→ **Task material**
# # # # #

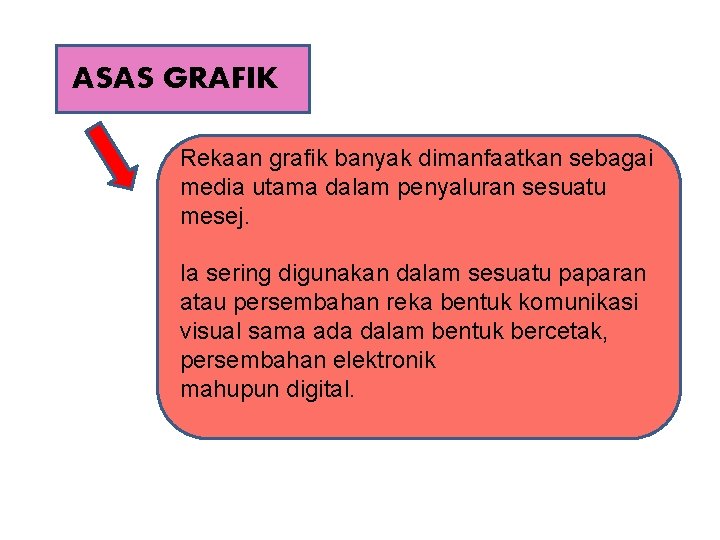 ASAS GRAFIK Rekaan grafik banyak dimanfaatkan sebagai media utama dalam penyaluran sesuatu mesej. Ia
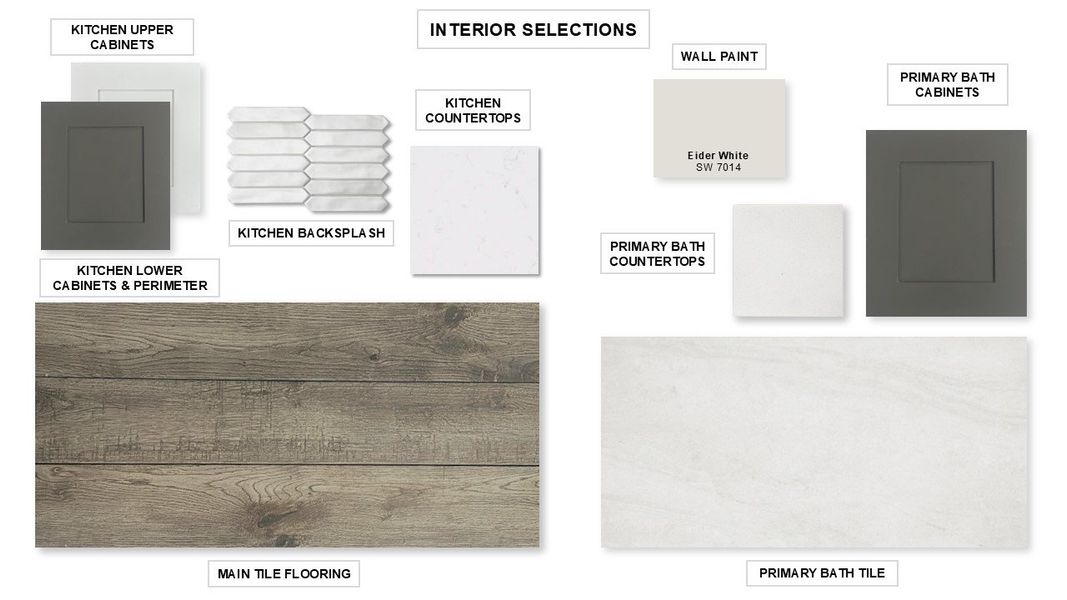 Sample of building materials used in homes in The Colony, Bastrop (Image 22).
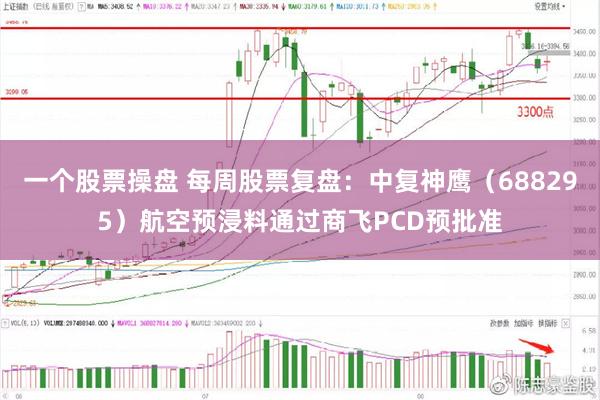 一个股票操盘 每周股票复盘：中复神鹰（688295）航空预浸料通过商飞PCD预批准
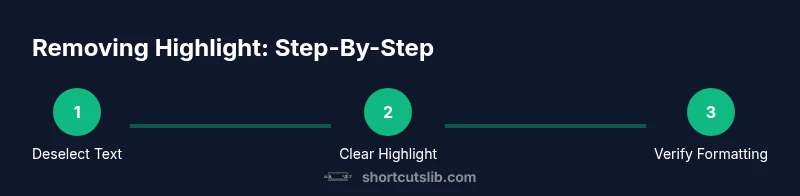 Infographic showing steps to remove highlighting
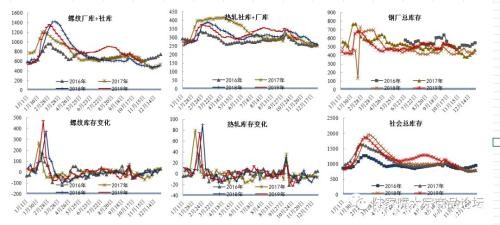 多空观点分歧较大 成材短期震荡为主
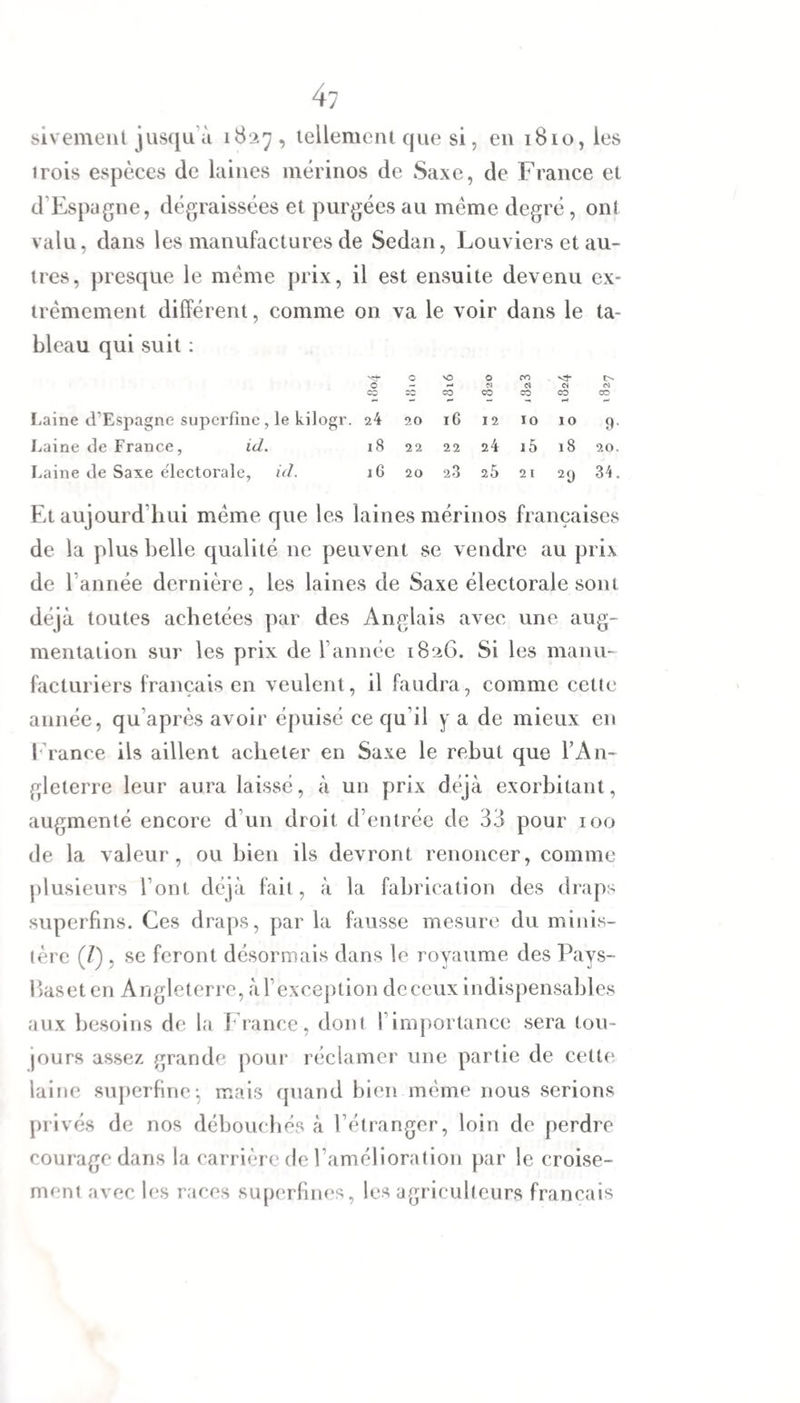 sivemenl jusqu'à 1827, tellement que si, en 1810, les irois espèces de laines mérinos de Saxe, de France et d'Espagne, dégraissées et purgées au meme degré, ont valu, dans les manufactures de Sedan, Louviers et au¬ tres, presque le meme prix, il est ensuite devenu ex¬ trêmement différent, comme on va le voir dans le ta¬ bleau qui suit : o co Laine d’Espagne superfine , le kilogr. 24 Laine de France, id. 18 Laine de Saxe électorale, id. i6 0 OD VO CO 0 CS co en a co M OO !>• « CO 20 iG 12 10 IO 9 22 22 24 i5 18 20 20 2-3 25 21 29 34 Et aujourd’hui même que les laines mérinos françaises de la plus belle qualité ne peuvent se vendre au prix de l’année dernière, les laines de Saxe électorale sont déjà toutes achetées par des Anglais avec une aug¬ mentation sur les prix de l’année 1826. Si les manu¬ facturiers français en veulent, il faudra, comme cette année, qu’après avoir épuisé ce qu’il y a de mieux en France ils aillent acheter en Saxe le rebut que l’An¬ gleterre leur aura laissé, à un prix déjà exorbitant, augmenté encore d’un droit d’entrée de 33 pour 100 de la valeur, ou bien ils devront renoncer, comme plusieurs l’ont déjà fait, à la fabrication des draps superfins. Ces draps, par la fausse mesure du minis¬ tère (l) , se feront désormais dans le royaume des Pavs- Baseten Angleterre, àl’exception de ceux indispensables aux besoins de la France, dont 1 importance sera tou¬ jours assez grande pour réclamer une partie de cette laine superfine-, mais quand bien même nous serions privés de nos débouchés à l’étranger, loin de perdre courage dans la carrière de l’amélioration par le croise¬ ment avec les races superfines, les agriculteurs français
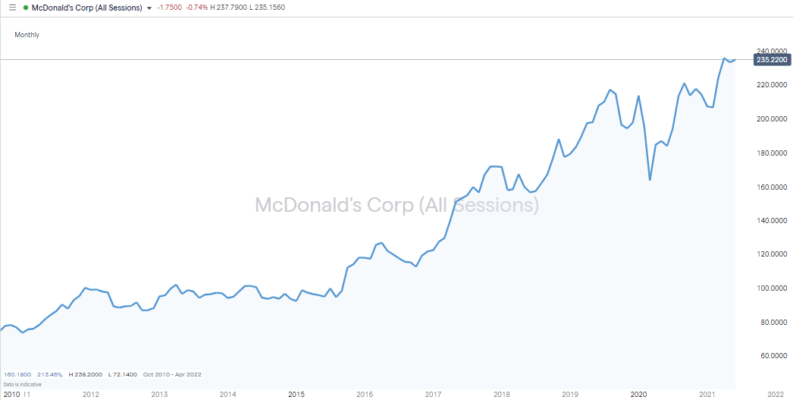 McDonalds Corp IG chart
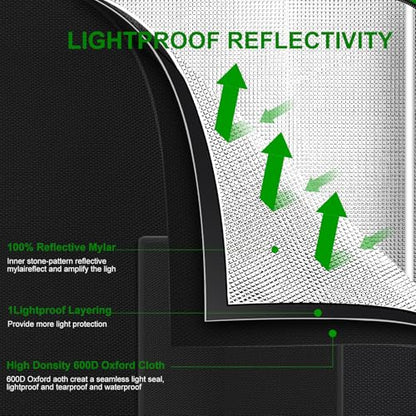 Small Grow Tent for Aerogarden，18”x18”x36” ，Hydroponics Growing System ，Highly Reflective 600D Diamond Mylar Canvas with Ventilation window and Floor Tray for Hydroponic Indoor Plant Growing - size: 18”x18”x36”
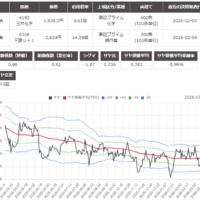 サヤ取り(三井化学/三菱UFJ)のチャート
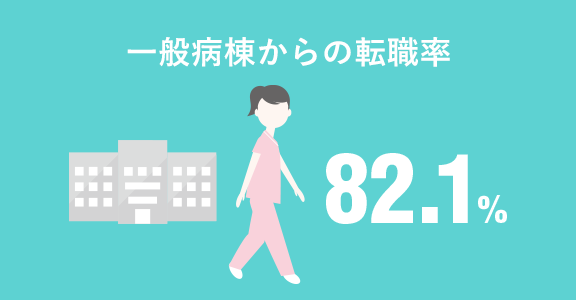 一般病棟からの転職率　82.1％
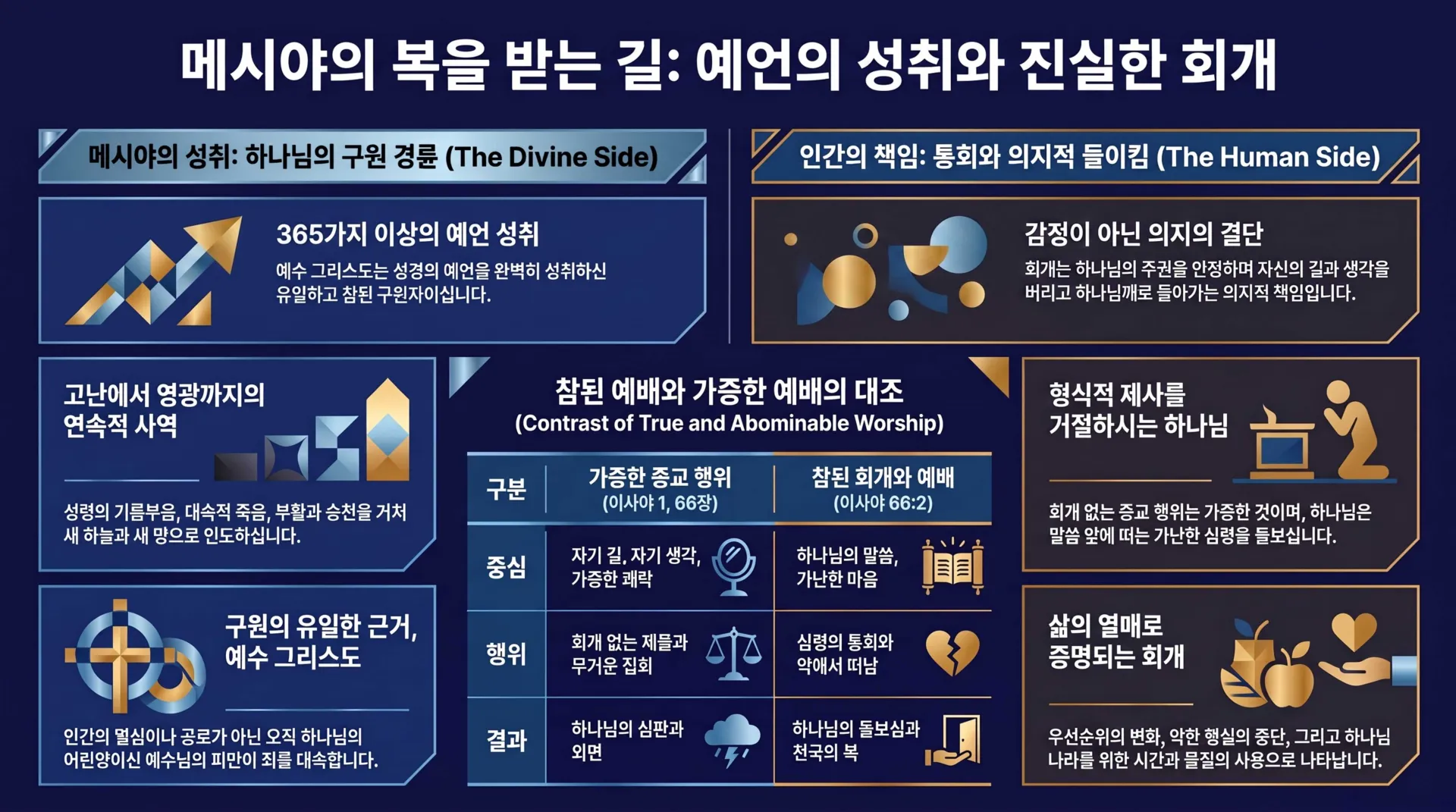 [기독론(164)] 메시야의_복을_받는_길_vora.jpg.webp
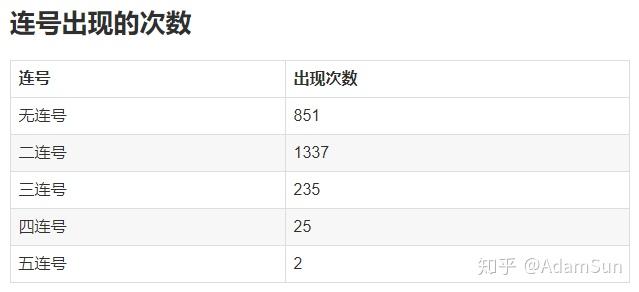 一肖一码100中奖概率高吗，精选答案落实了解科技_MXW8.93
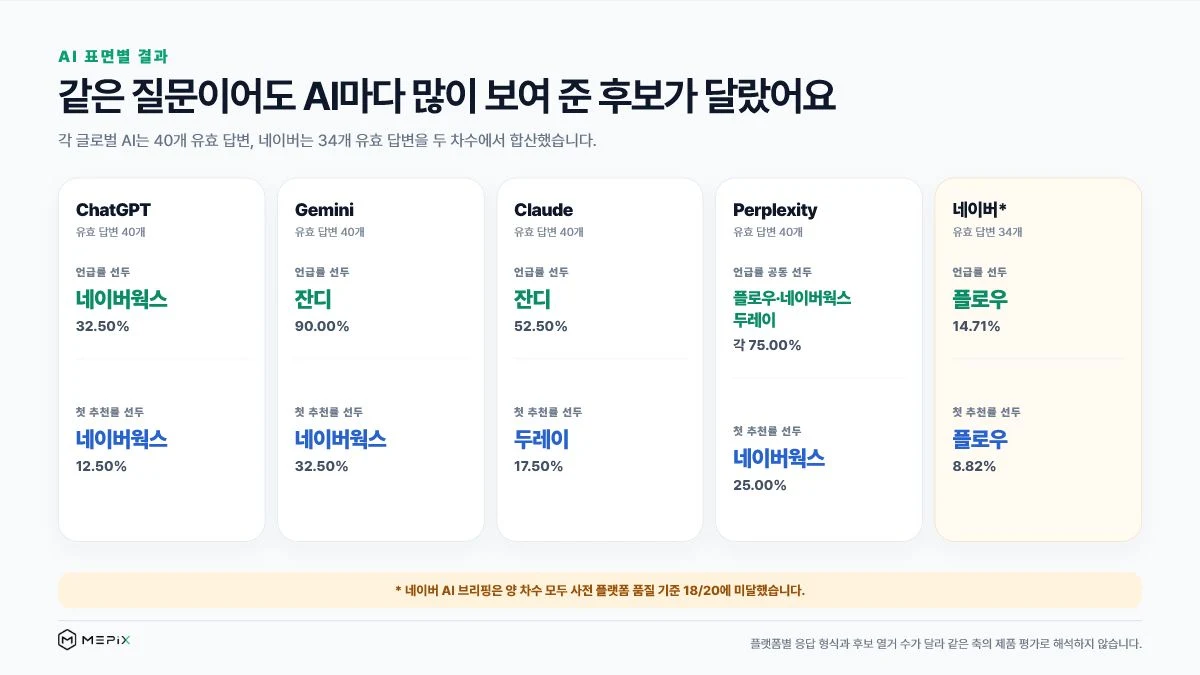 ChatGPT Gemini Claude Perplexity 네이버에서 가장 많이 언급되고 먼저 추천된 협업툴 비교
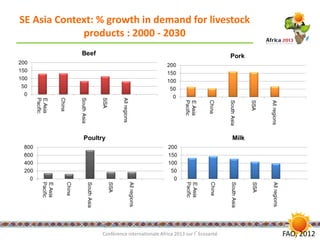 EcoHealth in action in Southeast Asia: Results and experiences from six transdisciplinary research teams and two EcoHealth Resource Centres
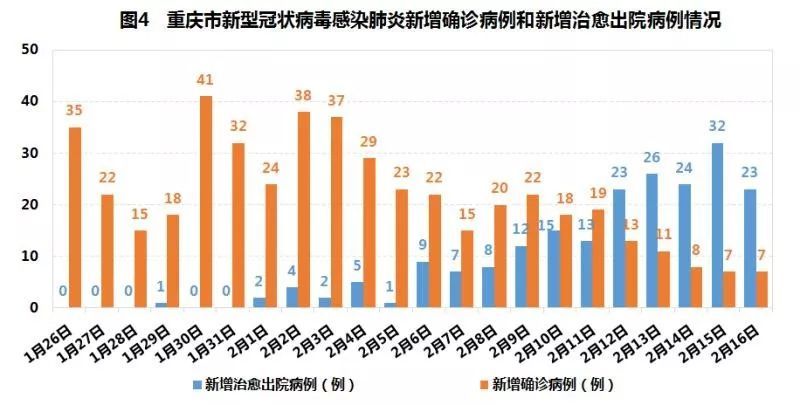 澳门地区疫情趋稳与济南最新防控动态，双城防疫对比与经验启示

# # # # #

The data should be printed again unchanged; leave its pictures out.

→ **Answer area**
 ASAS GRAFIK Rekaan grafik banyak dimanfaatkan sebagai media utama dalam penyaluran sesuatu mesej. Ia
 Sample of building materials used in homes in The Colony, Bastrop (Image 22).
 一个股票操盘 每周股票复盘：中复神鹰（688295）航空预浸料通过商飞PCD预批准
 Infographic showing steps to remove highlighting
 多空观点分歧较大 成材短期震荡为主
 sivemenl jusqu'à 1827, tellement que si, en 1810, les irois espèces de laines mérinos de Saxe, de France et d'Espagne, dégraissées et purgées au meme degré, ont valu, dans les manufactures de Sedan, Louviers et au¬ tres, presque le meme prix, il est ensuite devenu ex¬ trêmement différent, comme on va le voir dans le ta¬ bleau qui suit : o co Laine d’Espagne superfine , le kilogr. 24 Laine de France, id. 18 Laine de Saxe électorale, id. i6 0 OD VO CO 0 CS co en a co M OO !>• « CO 20 iG 12 10 IO 9 22 22 24 i5 18 20 20 2-3 25 21 29 34 Et aujourd’hui même que les laines mérinos françaises de la plus belle qualité ne peuvent se vendre au prix de l’année dernière, les laines de Saxe électorale sont déjà toutes achetées par des Anglais avec une aug¬ mentation sur les prix de l’année 1826. Si les manu¬ facturiers français en veulent, il faudra, comme cette année, qu’après avoir épuisé ce qu’il y a de mieux en France ils aillent acheter en Saxe le rebut que l’An¬ gleterre leur aura laissé, à un prix déjà exorbitant, augmenté encore d’un droit d’entrée de 33 pour 100 de la valeur, ou bien ils devront renoncer, comme plusieurs l’ont déjà fait, à la fabrication des draps superfins. Ces draps, par la fausse mesure du minis¬ tère (l) , se feront désormais dans le royaume des Pavs- Baseten Angleterre, àl’exception de ceux indispensables aux besoins de la France, dont 1 importance sera tou¬ jours assez grande pour réclamer une partie de cette laine superfine-, mais quand bien même nous serions privés de nos débouchés à l’étranger, loin de perdre courage dans la carrière de l’amélioration par le croise¬ ment avec les races superfines, les agriculteurs français
 McDonalds Corp IG chart
 Small Grow Tent for Aerogarden，18”x18”x36” ，Hydroponics Growing System ，Highly Reflective 600D Diamond Mylar Canvas with Ventilation window and Floor Tray for Hydroponic Indoor Plant Growing - size: 18”x18”x36”
 サヤ取り(三井化学/三菱UFJ)のチャート
 一般病棟からの転職率　82.1％
 [기독론(164)] 메시야의_복을_받는_길_vora.jpg.webp
 一肖一码100中奖概率高吗，精选答案落实了解科技_MXW8.93
 ChatGPT Gemini Claude Perplexity 네이버에서 가장 많이 언급되고 먼저 추천된 협업툴 비교
 EcoHealth in action in Southeast Asia: Results and experiences from six transdisciplinary research teams and two EcoHealth Resource Centres
 澳门地区疫情趋稳与济南最新防控动态，双城防疫对比与经验启示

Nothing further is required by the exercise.